Integraban su segunda lista, mucho más difícil de elaborar.
Se dio cuenta enseguida de que se trataba de una lista más peligrosa. Incluía personas que podían haber transformado su rabia en una obsesión por Ricky, y haber transmitido ésta después.
Colocó ambas listas en la mesa, frente a él, y pensó que debería empezar el rastreo de nombres. Cuando tuviera la respuesta de Rumplestiltskin, podría eliminar a varias personas de cada una de ellas y seguir adelante.

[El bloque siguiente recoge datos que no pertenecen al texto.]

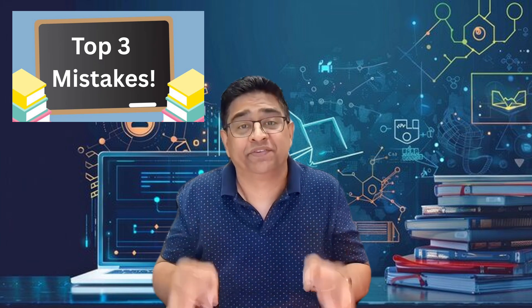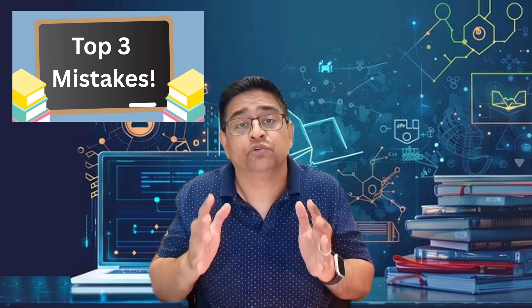I've been there. And the truth is, most beginners make a few simple mistakes that silently kills their chances. But the good news is, each one of them is fixable. Today, I'm breaking down the top three mistakes new IT job seekers make and exactly how to fix them so you can finally start getting interview phone calls. Are you ready for this? Let's dig.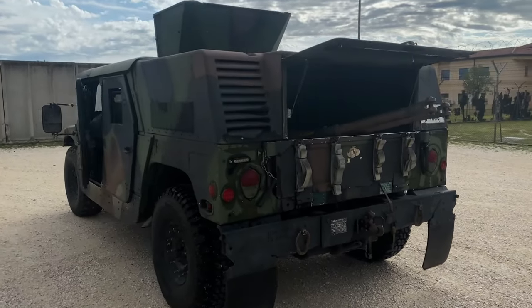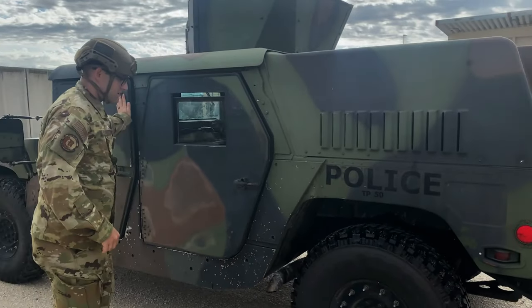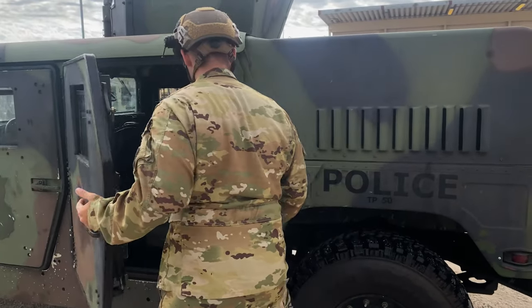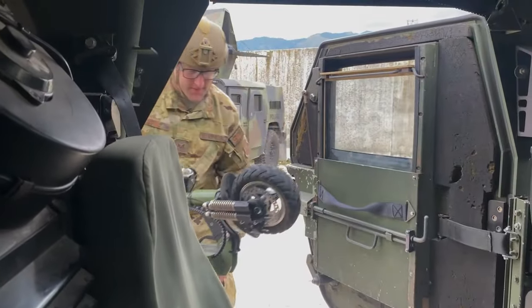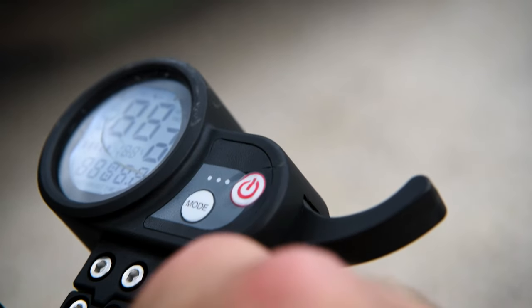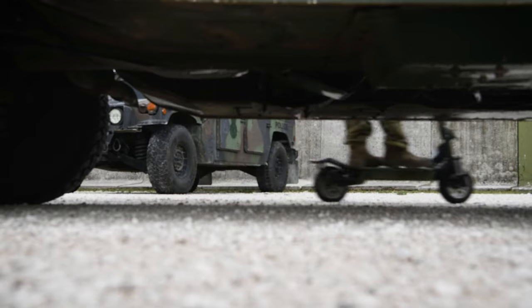Adding a second scooter freed up that second person, so they can now handle the admin tasks — all the tracking and paperwork. It also reduced fuel consumption. We're saving money, saving time, and doing more with less.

Toda la mañana había esperado que sonara el teléfono, con una respuesta de su agente de bolsa. Le sorprendía un poco no tener noticias de él, porque en el pasado había manejado siempre el dinero de Ricky con diligencia y seriedad. Marcó el número otra vez y volvió a salirle la secretaria.
Pareció algo nerviosa al oír su voz.
– Oh, doctor Starks, el señor Williams estaba a punto de llamarle. Ha habido cierta confusión con su cuenta -aseguro.
– ¿Confusión? -A Ricky se le hizo un nudo en el estómago-.
¿Cómo puede confundirse el dinero? Las personas pueden confundirse. Los perros pueden confundirse. El dinero no.
– Le pasaré con el señor Williams -dijo la secretaria.
Tras un breve silencio se oyó en la línea la no exactamente conocida pero tampoco irreconocible voz del corredor. Todas las inversiones de Ricky eran conservadoras, fondos mutuos y bonos.